The input variables of the BP neural network and the GA-BP neural network are the same, and the output results are compared [22]. Taking into account that the groundwater is too deep or too shallow will bring greater harm, separately for the 10% maximum (deepest) and 10% minimum (shallowest) samples of the long series of groundwater series—the above three indicators are used to evaluate the maximum and minimum groups predicted by the three models [23]. The process of predicting groundwater by the above three models is shown in Figure 2, and the evaluation indicators of each plan are listed in Table 2 [4].

From the analysis of Figure 2 and Table 1, it can be seen that, the GA-BP neural network has better results than the BP neural network and the stepwise regression model in the values of the indicators in the two stages. The accuracy of simulation and prediction is the highest among the three models.
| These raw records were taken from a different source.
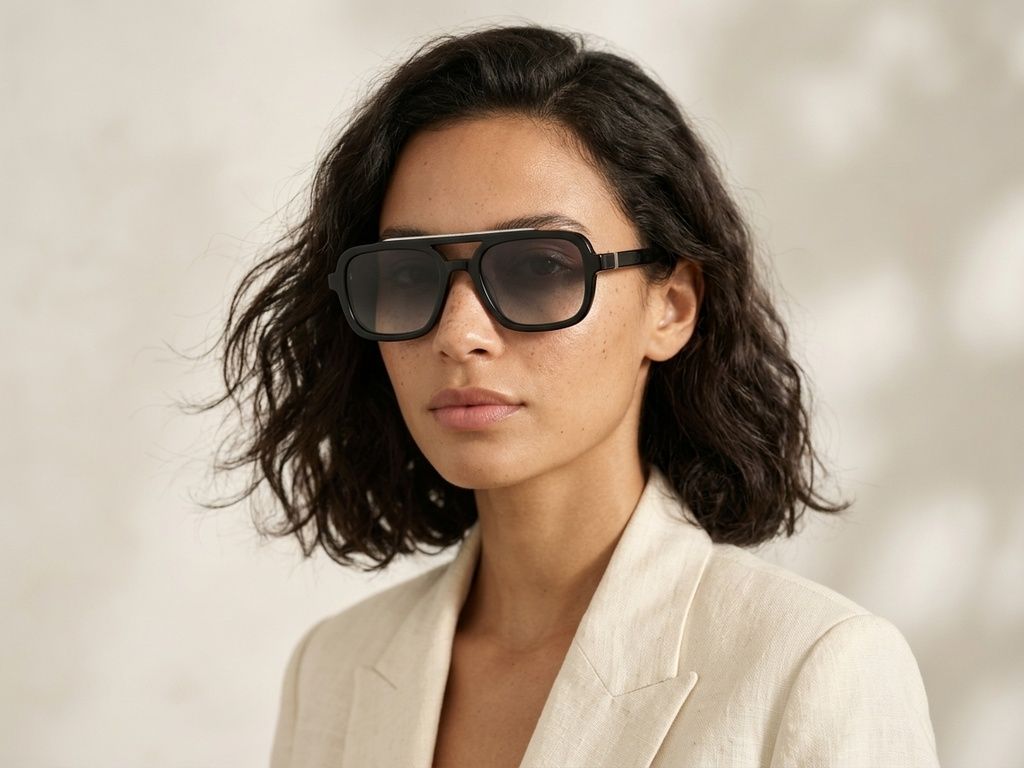 Gafas de sol de aviador negras de plástico #BS225-0072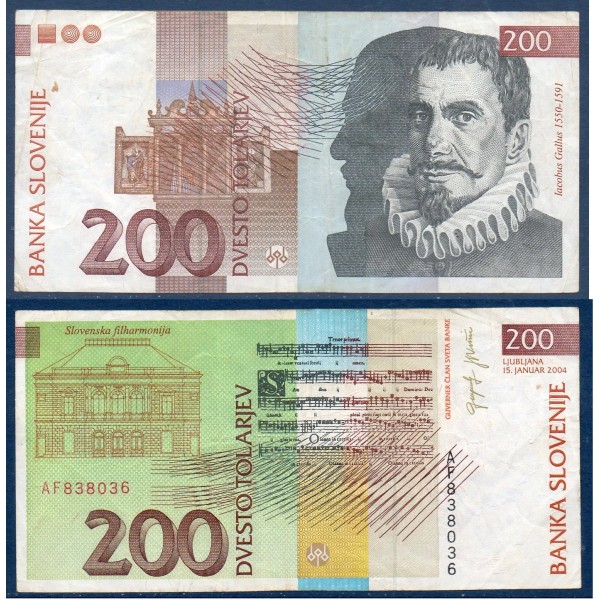Slovénie Pick N°15d, TB Billet de 200 Tollarjev 2004 Jakobus Gallus
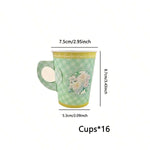 vaisselle jetable service thé ensemble 16 invités tasses assiettes serviettes fleurs roses vintage vert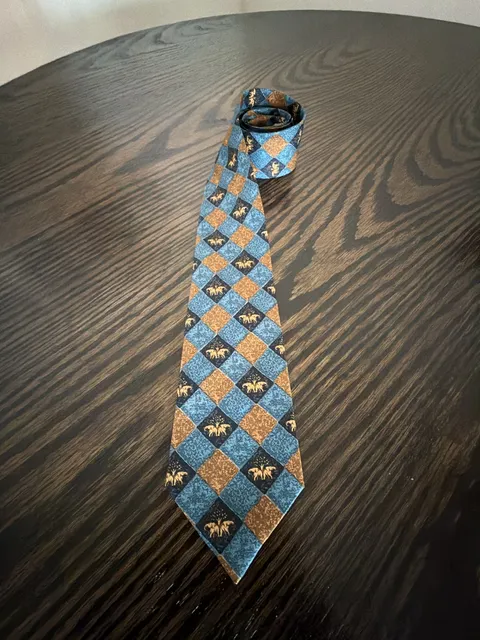 Thai Silk 100% Hand Work Tie Blue Brown Diamond Pattern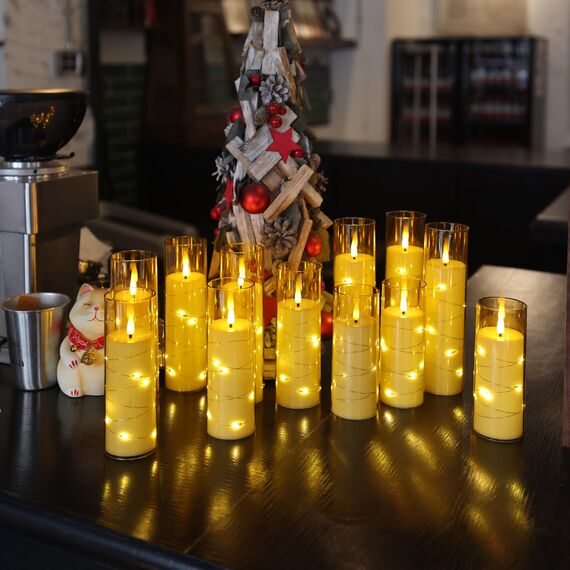 Da by LED-Blinkkerze mit eingearbeiteter Sternenschnur, LED-Stabkerze aus Acryl mit 11-Tasten-Fernbedienung und Timer, elektrische Kerze, Gold, 12er-Set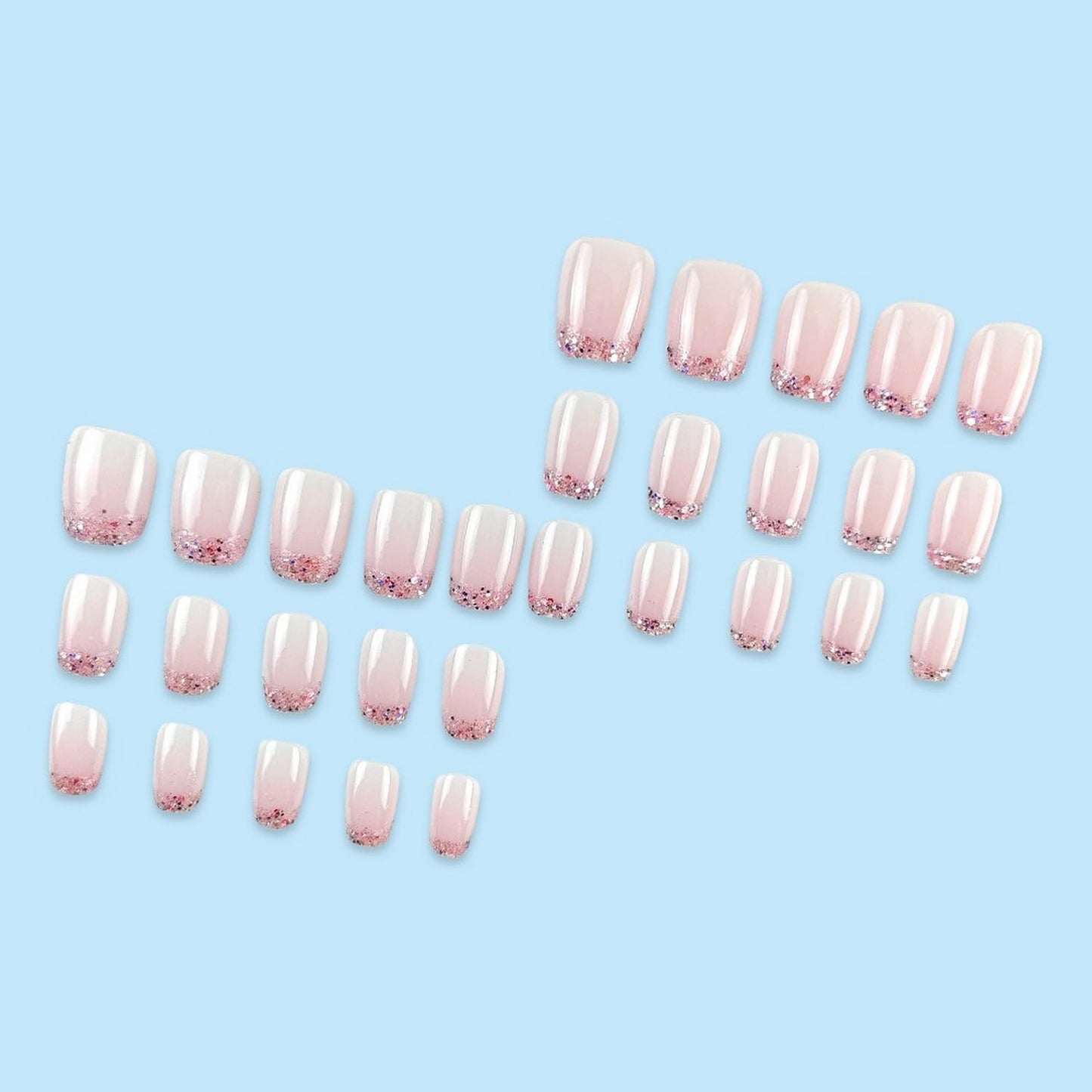 Pink French Tip Press on Nails Short Coffin OFDNE Petite Fake Nails False Nails with Designs Glitter Full Cover Glossy Glue on Nails French Manicure Acrylic Nails for Women Girls 24Pcs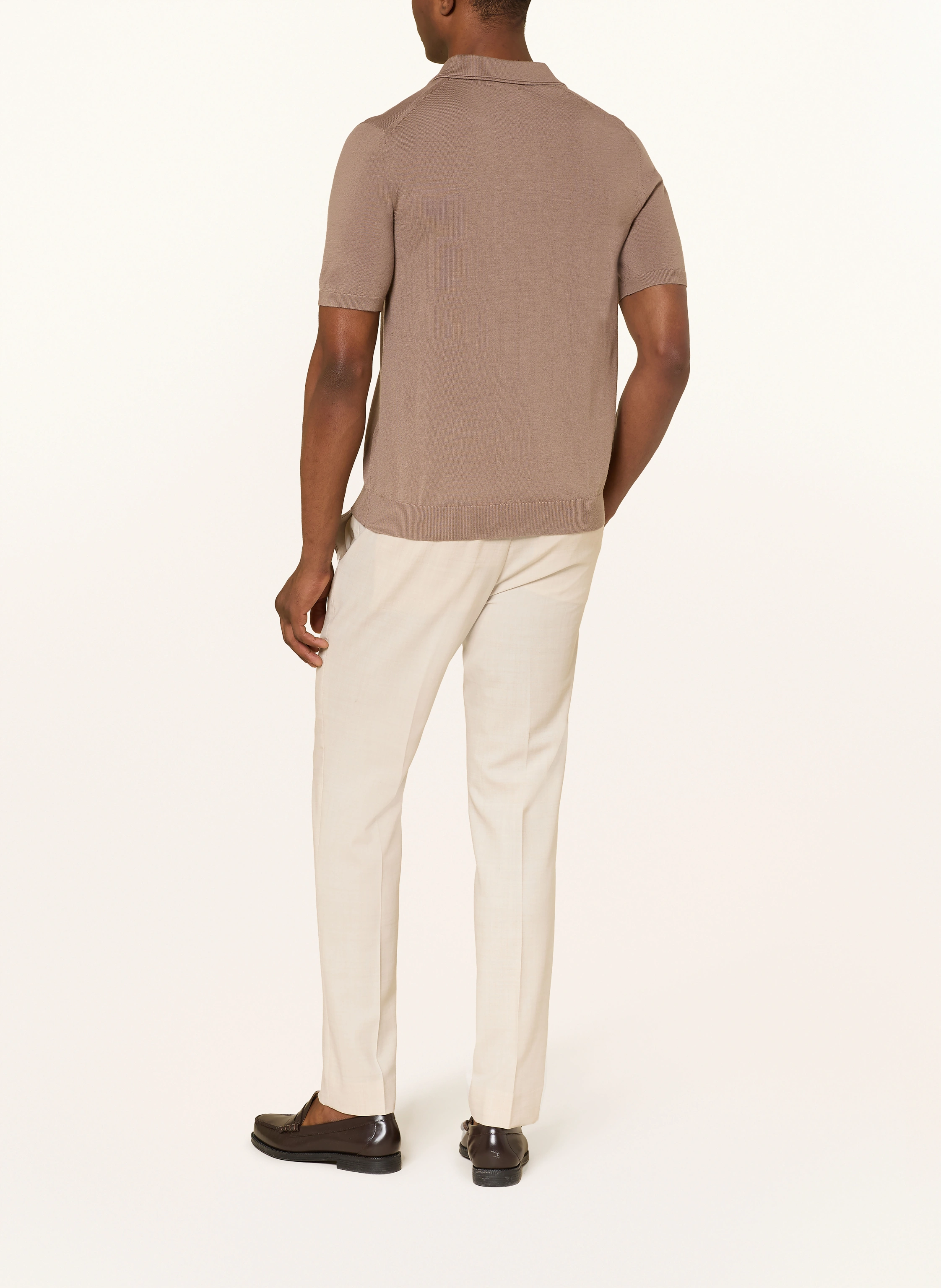 REISS DUCHIE knitted polo shirt made from merino wool: CAMEL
It shows that the GA-BP model fully combines the advantages of genetic algorithm and neural network, overcome the problems of local optima and poor convergence ability, and the prediction accuracy and fitting accuracy are close and high, which fully demonstrates the good generalization ability of the GA-BP model [24].
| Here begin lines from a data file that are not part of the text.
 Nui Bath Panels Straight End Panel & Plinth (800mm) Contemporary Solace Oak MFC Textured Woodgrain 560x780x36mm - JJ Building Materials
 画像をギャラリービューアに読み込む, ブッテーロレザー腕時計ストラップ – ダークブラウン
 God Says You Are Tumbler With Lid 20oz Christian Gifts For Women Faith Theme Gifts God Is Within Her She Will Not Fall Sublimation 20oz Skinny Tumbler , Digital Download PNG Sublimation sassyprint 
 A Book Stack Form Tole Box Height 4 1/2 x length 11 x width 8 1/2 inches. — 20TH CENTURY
Based on the above analysis, the accuracy and stability of prediction from high to low are ga-BP model > BP neural network > stepwise regression. The RMSE of stepwise regression training and prediction stage was 0.71 m lower than that of BP neural network, MAPE of two stages was 8.15% and 3.13% higher than that of BP neural network, and NSE of neural network was 0.1 higher than that of stepwise regression. At the same time, the NSE of stepwise regression is less than 0 in the stability of maximum and minimum prediction, which fully shows that the stability of stepwise regression is not reliable in the stability of maximum and minimum prediction, and the BP neural network is superior to the stepwise regression model in the values of RMSE and MAPE of maximum and minimum prediction. The reason is that stepwise regression is based on linear theory to solve linear problems. However, due to the influence of hydrology, water use, artificial mining, and other factors, groundwater presents a complex nonlinear relationship, and stepwise regression cannot achieve good results in solving the nonlinear relationship, so the phenomenon of poor prediction accuracy appears in this paper. However, BP neural network mainly relies on these long-term observation data and has strong learning ability. When the input factors change and the complex nonlinear relationship is presented, it only needs to let the model learn again to track the changes of the system. Therefore, BP neural network model is superior to stepwise regression model in solving this problem.
4. Conclusion
BP neural network model and BP neural network model based on genetic algorithm, a short-term forecast of the groundwater dynamics in the study area was carried out. RMSE, MAPE, and NSE were used to compare the results with BP neural network and stepwise regression model. The combination of genetic algorithm and BP neural network not only gives full play to the generalization mapping ability of BP neural network and the global convergence ability of genetic algorithm but also overcomes the phenomenon that the local regulation ability of genetic algorithm is weak, which further improved the forecasting ability and stability.
Data Availability
The data used to support the findings of this study are available from the corresponding author upon request.
Conflicts of Interest
The authors declare no conflicts of interest.
Acknowledgments
This study was funded by the National Key Research and Development Program of China, Ecological Restoration and Comprehensive Improvement Technology and Demonstration of Large Coal Power Base in Eastern Grassland Area, Project No. 2016YFC0501100.